Some commentators advocated stealth gifts to the family, or selling the farm to the kids for one hundred dollars. These approaches don’t work. These are do-it-yourself techniques that just create problems. The IRS is anything but naive. A transfer of a $5 million dollar ranch in a $100 dollar sale is really a $4.999900 million gift. Doing this could actually result in more tax due, not to mention penalties and interest. The gift tax exclusion is only $1 million, but the estate tax exclusion might be as much as $5 million next year.

All this said, one enlightened responder to the posting, an estate planning lawyer named Emil Blatz quoted a study showing this "hurry up and die" mentality to be a recurring phenomenon. He quotes research stating that "academic researchers have known for years that death rates are influenced by major changes in estate-tax law. A 2003 paper published in the prestigious Review of Economics and Statistics looked at 13 major estate-tax changes in the U.S. – following the creation of the tax in 1916 – and found they had a small but statistically significant effect on death rates. "Among those wealthy enough to be affected by the changes, the chance of dying increased slightly in the two weeks before rates went up and decreased in the two weeks after an estate-tax cut, a phenomenon the authors have dubbed death elasticity."

As one elderly gentleman put it, with sardonic humor, "In 2010 I’m not going to linger too long at the top of any stairways."

Soon we will have some much needed changes to Pennsylvania’s Probate, Estates and Fiduciaries Code which will clarify rights of inheritance when a divorce is pending, interpret funding clauses dependent on the federal estate tax, and curtail some abuses prevalent in the use of powers of attorney.

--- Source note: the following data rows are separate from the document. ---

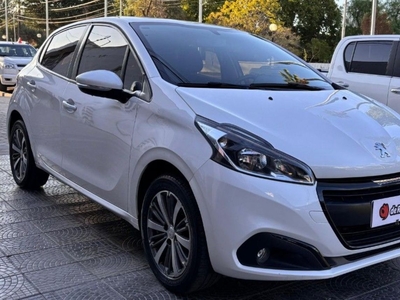 Peugeot 208 Usado Financiado en Mendoza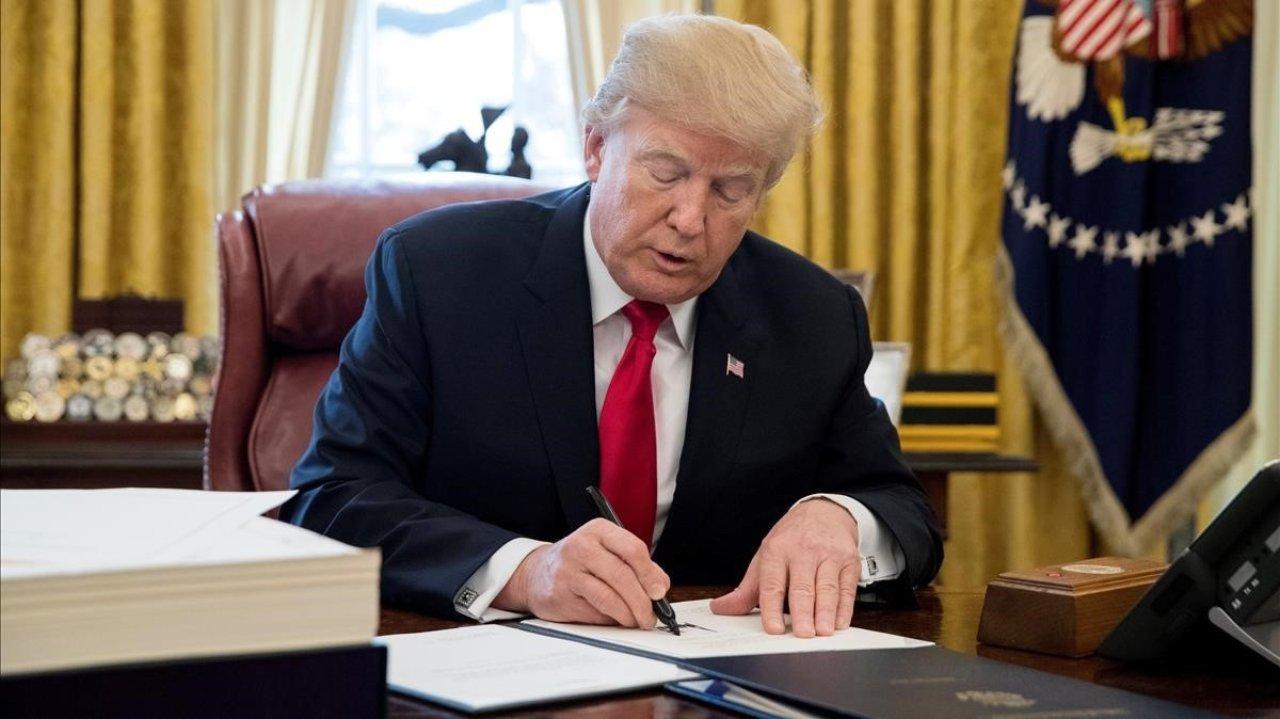 Imagen de Donald Trump firma memorándum que excluye a indocumentados del censo de Estados Unidos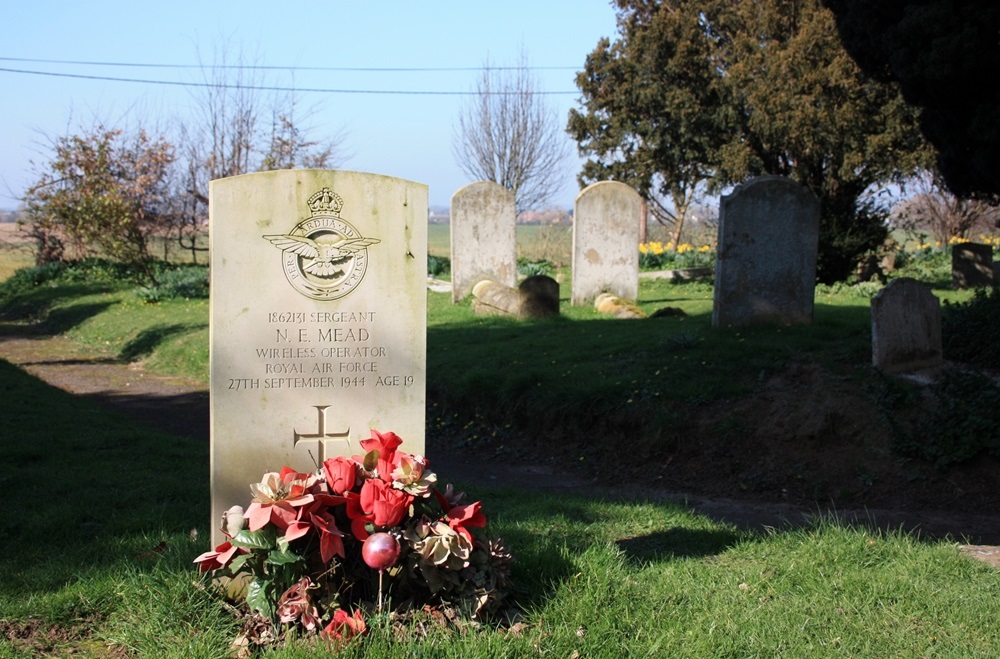 Commonwealth War Grave All Saints Churchyard #1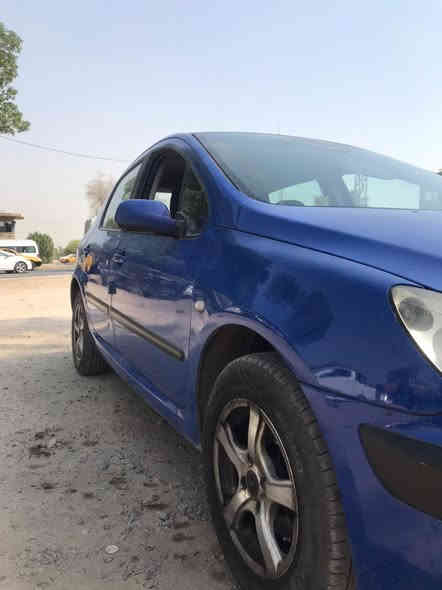 بيجو فرنسي 307 
السلام عليكم

للبيع بيجو فرنسي  موديل 2005 / 307

السيارة نظيفه ومال بيت

حادثها جاملغ امامي عكس السايق 

صدر جديد

داينمو وسلف كله مبدل جديد وباتري تخم تايرات قبل اشهر 

ودهن گير والسياره جاهزه من كلشي

ماعدا الگشر مو نظيف اكو جراد وشخوط بأماكن 

رقمها صلاح الدين مشروع وطني

وتكدر تحول الرقم بغداد

رايدها ب 48$ وبيها مجال

العنوان بغداد اليرموك
رقم التلفون ***********
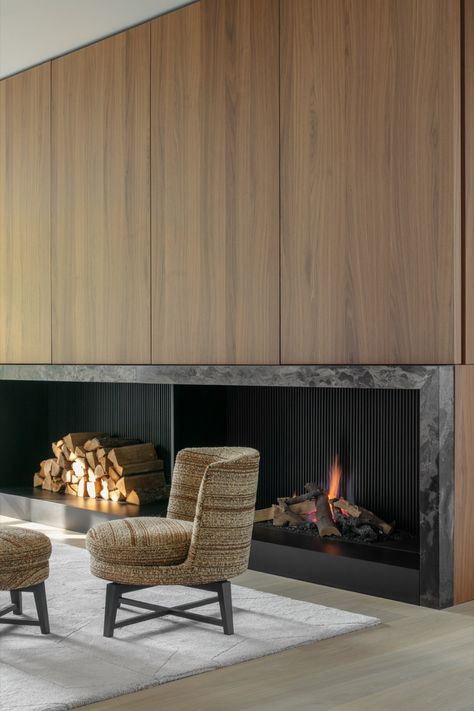 Hoog Design, Feature Wall Living Room, Muebles Living, Contemporary Fireplace, Home Fireplace, Modern Fireplace, Fireplace Wall, Living Room With Fireplace, Fireplace Design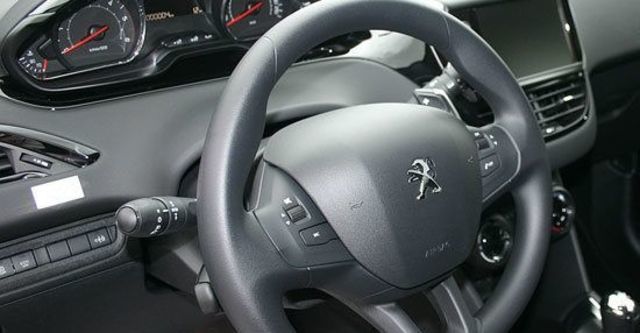 2013 Peugeot 208 1.6 e-HDi  第10張相片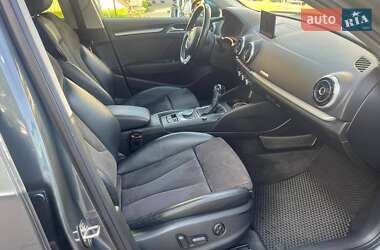 Хетчбек Audi A3 2016 в 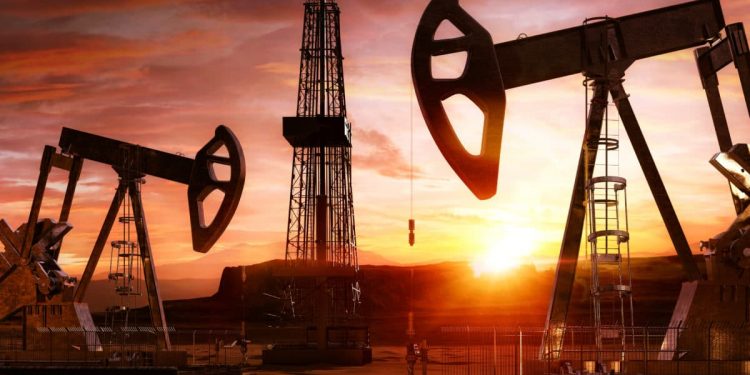 Oil Steady as Weak Chinese Economy Offsets Lower Oil Stocks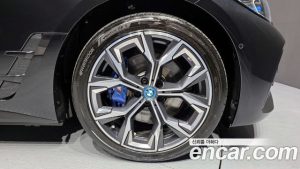 BMW i4 eDrive40 M Sport PRO 2023 года из Южной Кореи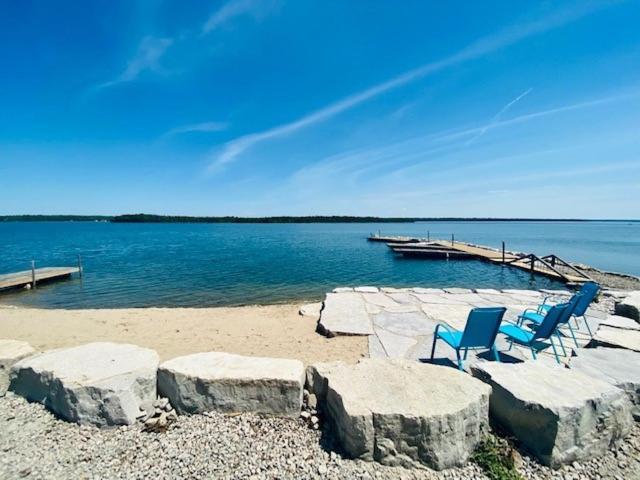 Tamarac Island Motel Stokes Bay Εξωτερικό φωτογραφία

As of October 14, 2010, Senate Bill 53 had been approved by both the Pennsylvania House and the Senate and had been sent to the governor for his signature. The governor is expected to sign it in due course. Here are a few of the provisions:

 Formula Clauses for Federal Estate Tax

As has been discussed in this column before, estate plans that contain "formula clauses" that divide the decedent’s estate into two parts based on the amount of the exemption from the federal estate tax ran aground this year. There is no federal estate tax in 2010, so the question arises: how to interpret these formula clauses? I recommended to my clients that they amend their plans to answer this question because it very fundamentally determines "who gets what." If you did not do that, the legislature will now answer it for you, and here is their answer: a will, trust, or other instrument for a decedent who dies after December 31, 2009 and before January 1, 2011, that contains a formula clause will be "rebuttably presumed to be interpreted pursuant to the Federal Estate Tax and Generation-Skipping Transfer Tax laws applicable to estate of decedent dying on December 31, 2009." In other words, the formula will be interpreted under the federal estate tax as it existed in 2009. There is an exception: the rule of the new law does not apply (1) if the will, trust or other instrument was executed after December 31, 2009 or indicates that a different rule should apply, or (2) there is a federal estate tax or generation-skipping tax that applies to the decedent who dies in 2010 (which would take some fast action by Congress or else a very controversial and probably unconstitutional retroactive application of an estate tax or generation skipping tax).

 Agent Under a Power of Attorney

With regard to the agent’s power to engage in insurance transactions, the law is amended to provide that an agent or a named beneficiary of a life insurance policy "shall be liable, as equity and justice require, to the extent that a beneficiary designation made by the agent is inconsistent with the known or probable intent of the principal." In other words, the agent cannot name himself as beneficiary if that is not the principal’s intent. This is aimed at situations such as when an agent under a power of attorney changes a beneficiary designation to him or herself.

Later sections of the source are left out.